Once her immersion was over, Kealty returned to her regular routine at work. Months later, her supervisor was gearing up for a trip to brief at CONJEFAMER. The team was coming off rotation from Finland and was preparing the Airborne Extensible Relay Over-Horizon Network, or AERONet presentation for El Salvador when they realized they did not have a Spanish speaker. AERONet, a tactical network, allows partner communications for missions ranging from humanitarian aid to disaster relief, and security.
“That’s when my boss called me,” Kealty said. “He knew I spoke Spanish, and LEAP gave me the credibility he needed to ensure my place on the team. I had the DLPT and OPI scores, plus the culture training to give him the confidence he needed to know I was the right person for the job.”
To prepare for the trip, Kealty reached out to the Spanish LEAP Facebook page and asked for materials to cover some of the tactical and technical terminologies she would need for her presentation. Unfortunately, the script for the presentation was changed the day prior, and Kealty had to learn new terms.
“I remember telling my boss how worried I was I wouldn’t be able to talk, let alone project my voice for a presentation to such a prestigious crowd. I practiced over and over, called my parents to help me make some last-minute edits, and drank lots of hot tea to soothe my throat,” Kealty said. As the presentation began, Kealty’s nerves faded, and she knew it was time.

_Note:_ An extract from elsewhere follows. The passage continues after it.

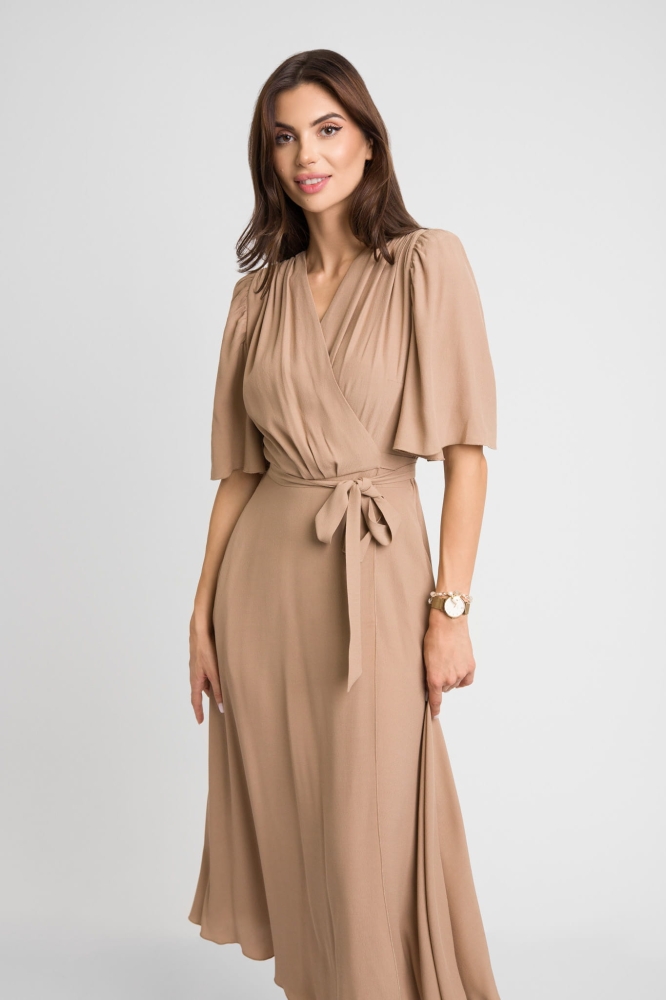 Beżowa kopertowa sukienka midi z rękawem do łokcia Frida by Swing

“As soon as I started speaking, the Spanish-speaking leaders immediately removed their earpieces where interpreters had been translating for them, and I saw the smiles fill the room. It was at that moment I felt instant gratitude for my parents, my education, and LEAP. I made a joke and apologized for my raspy voice and watched as they intently listened to my presentation.”

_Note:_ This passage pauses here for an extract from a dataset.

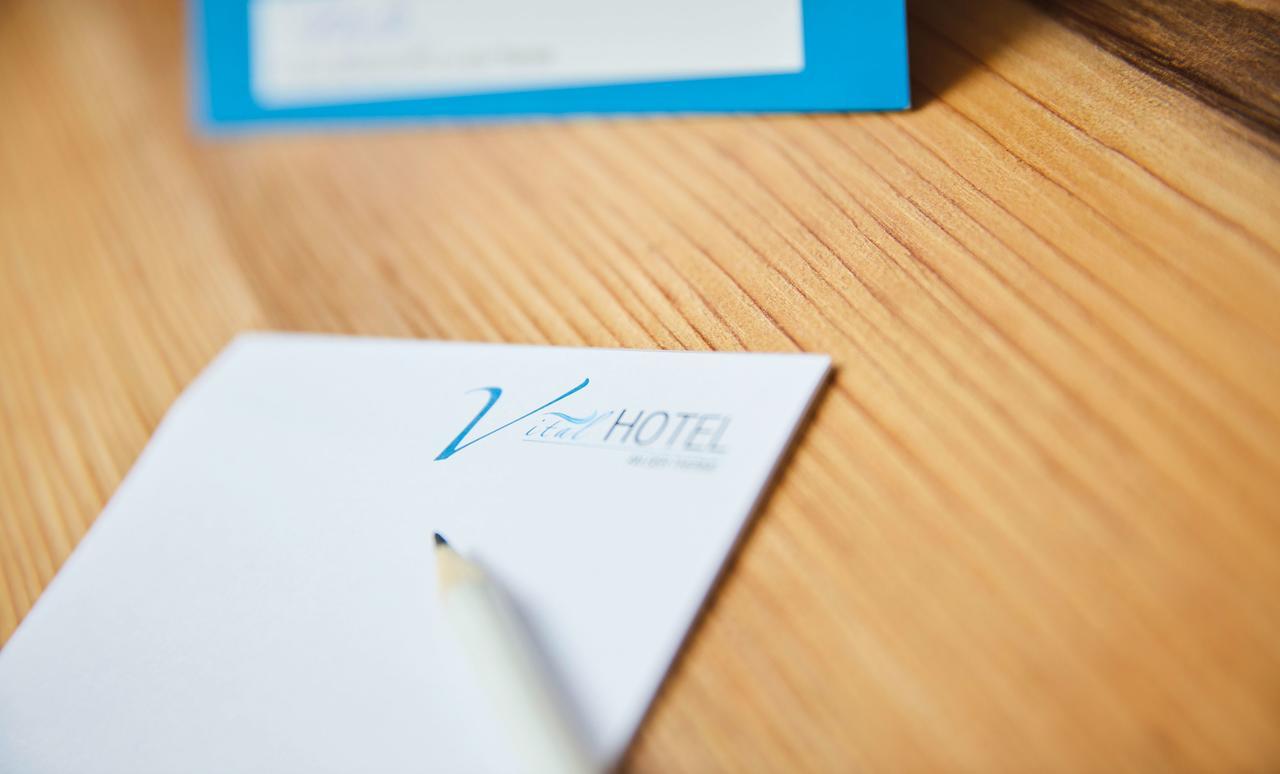 Vital Hotel An Der Therme Gmbh バート・ヴィンツハイム エクステリア 写真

The presentation was very successful, but Kealty was not finished. After the briefing concluded, she set out for another mission: To speak with Gen. Goldfein, with hopes of getting a picture.

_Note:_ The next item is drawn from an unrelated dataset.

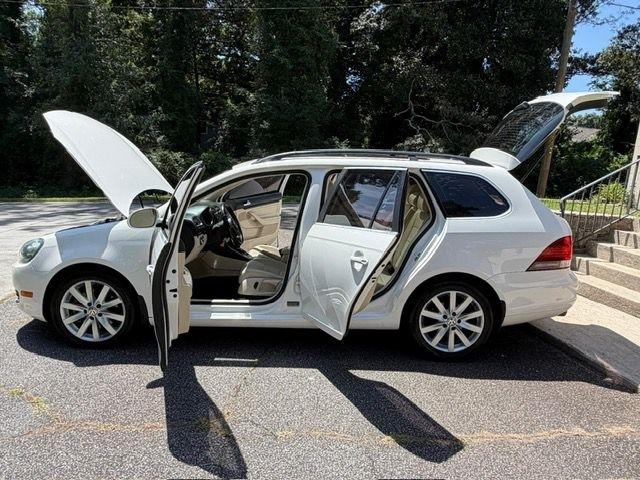 Volkswagen Jetta  2012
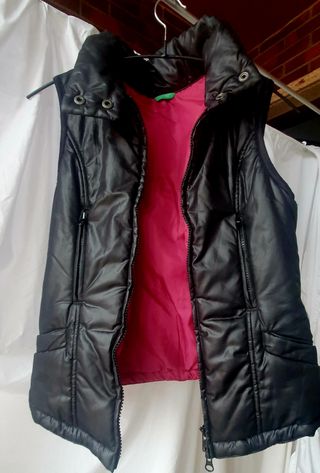 Chaleco negro niña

“My boss knew I wanted to meet the General and take a selfie. Since he had to leave right after our brief, we intercepted him in the hallway, and he chatted with us for a few minutes and even coined us. I also got my selfie, which I was pretty stoked about! Later on that night, he came back to speak with the team about our presentation and offered suggestions for our follow-on TDY to Colombia. He recommended I brief the entire presentation in Spanish. Naturally, I was shocked, but I made sure to let him know how LEAP helped me prepare for my presentation. The next day we left for Colombia to brief their Air Force, and that was another awesome experience.”
Shortly after the conference ended, Gen. Goldfein shared Kealty’s sentiments on social media. Taking to his official Facebook page, he wrote:
“Infinitely shareable, fully exportable — this is how these two sharp Airmen described the Airborne Extensible Relay Over-Horizon Network, or AERONet, during their live demo at CONJEFAMER. We developed AERONet as a tactical network to build partner communication capabilities for missions ranging from humanitarian to defense. Thank you to Capt Jeremy Weinschelbaum and 1st Lt Lorrayne Kealty of the 14th ASOS out at Pope Army Airfield for the outstanding work you’ve done here informing our top Air Force leaders in the Americas”.
“We hear a lot around the Air Force about partnerships and interoperability,” Kealty said. “If you truly understand the people and the culture, that’s how you build these partnerships. I think LEAP does a great job of making sure we not only speak the language, but truly understand the people, the culture, and the why”.